Doksanlı yılların başlarında, çoğu grafik kartında (£ 20K SGI Indy 'grafik iş istasyonları' dahil olanlar dahil), yüksek çözünürlüklü, gerçek renkli görüntüler elde etmek için yeterli bellek yoktu. Etrafımızdaki çalışma, bir arama tablosu ve dithering algoritmalarıyla çalışan 256 renk kullanmaktı.
'Arama tablosunun' 256 rengi, modern bir PC ile elde ettiğiniz 2 ^ 24 renkten herhangi biri olabilir, ancak bunların bir kısmı işletim sisteminin kullanması için ayrılmıştır. Pencere sınırları, menü metni ve uygulama için 216 renk bırakan diğer ekran dekorasyonu için tipik olarak 32-40 renk kullanılmıştır.
8 bit ekran üzerindeki PC uygulamaları ile her pencere / uygulamanın, özellikle Unix iş istasyonlarında, kendi renk setine sahip olabilir. Bu, bir pencereden diğerine geçerken renklerin yanıp sönmesine neden olabilir - seçilen pencere iyi görünür, ancak arka plandaki pencereler biraz tuhaf olabilir.

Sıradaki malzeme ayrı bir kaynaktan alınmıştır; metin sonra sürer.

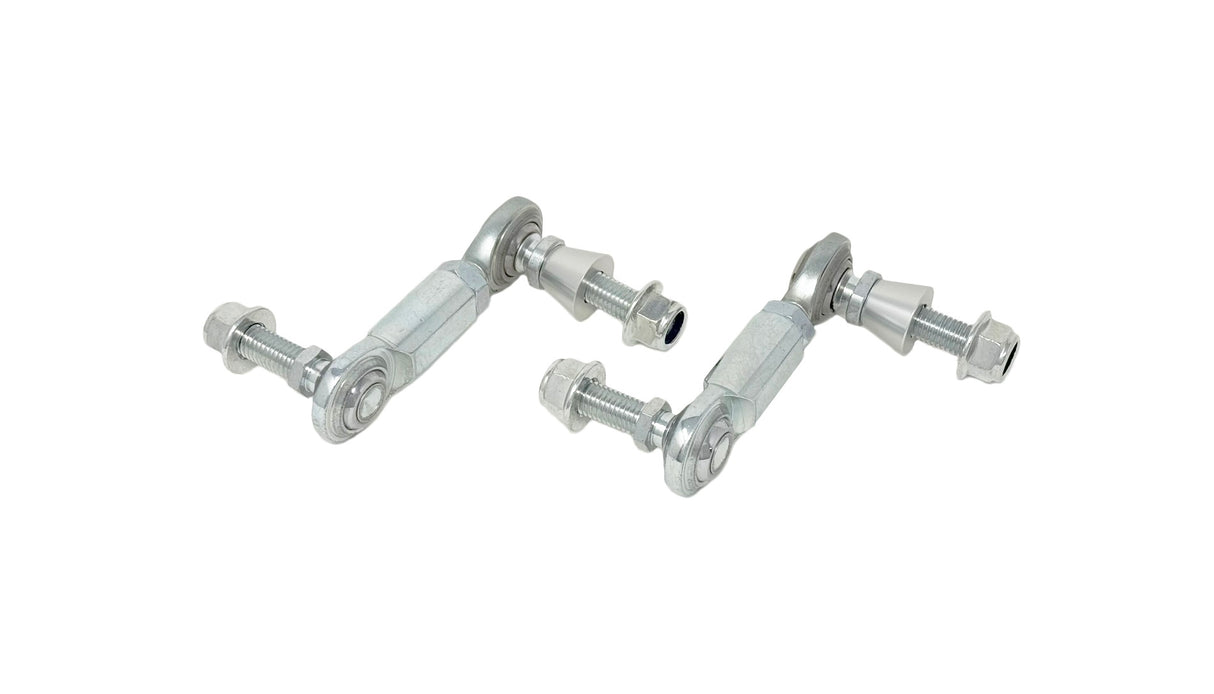 Torque Solution Adjustable Rear Sway Bar End Links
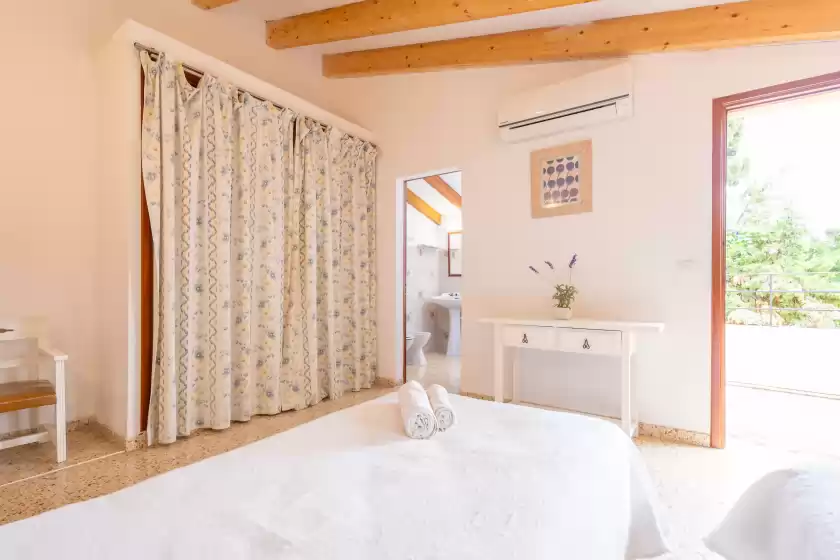 Holiday rentals in Can ferrer, Pollença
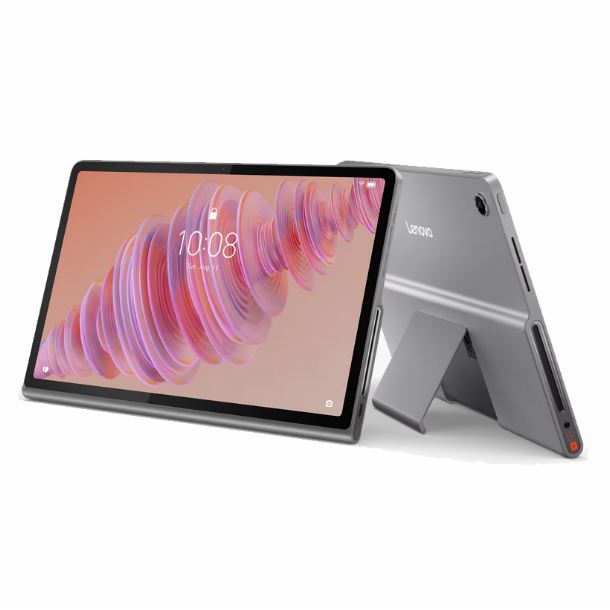 TABLET LENOVO 11.5" TAB PLUS 2K 8GB 128GB OCTA JBL HI-FI C/FUNDA ANDROID 14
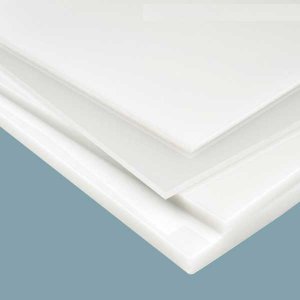 High-Quality Polypropylene Sheets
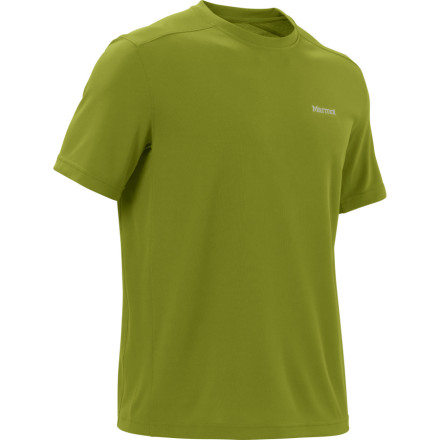 Marmot Mesita Shirt - Short Sleeve - Men's - 2010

Web Mozaik tarayıcısıyla (ve daha sonra Netscape) birlikte geldiğinde, tarayıcının diğer uygulamalarla birlikte çalışması gerekiyordu; Bunlar otomatik olarak 216 (6 x 6 x 6) 'web safe' renklerine indirgenebilir. Doğal olarak, diğer sayfa elemanları (örneğin 'H1 - H6'), paletin sahip olduğu 216 renge indirgenebilir.
Biri 216 'güvenli web rengine' yapışmasaydı (herhangi bir tarayıcının yapabileceği) o zaman sonuçlar tahmin edilemezdi, ince bir kırmızı, belirsiz bir kırmızı gibi görünebilirdi. -renk, doksanlı yılların ortalarında çoğu PC için ortaya çıktı ve 'web'i güvenli' hale getirdi. Bununla birlikte, 16 bit ekranlar, 8 bit renkte olduğu gibi bir arama tablosu yerine her bir renk için daha az bit kullandı. Kırmızı, yeşil ve mavi bileşenlerin her biri için 5 bit, gerçek rengin yaklaştırılmasını sağladı, ancak gerçekte değildi. Belirli bir RGB değeri, örneğin #ABCDEF tam olarak #ABCDEF gibi gösterilmeyecekti, böylece renklerin PC'den PC'ye aynı olmasını istiyorsanız, 'web safe' yine de bir alaka düzeyine sahipti.